> [Try it]
Repeat each line of the material below exactly as it appears, minus any pictures.
Data extract START
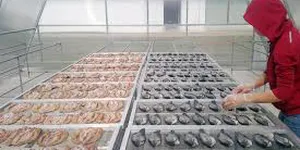 THUỶ SẢN KHÔ – YÊU CẦU VỆ SINH - TIÊU CHUẨN VIỆT NAM  TCVN 5649 : 2006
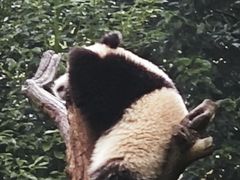 -都江堰中华大熊猫苑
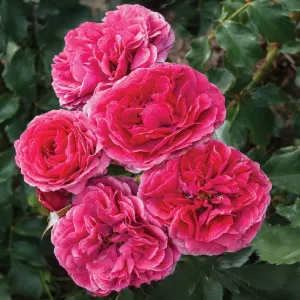 Ruža floribunda Dolce ® u tegli 3 L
Data extract END
> [Task result]
 THUỶ SẢN KHÔ – YÊU CẦU VỆ SINH - TIÊU CHUẨN VIỆT NAM  TCVN 5649 : 2006
 -都江堰中华大熊猫苑
 Ruža floribunda Dolce ® u tegli 3 L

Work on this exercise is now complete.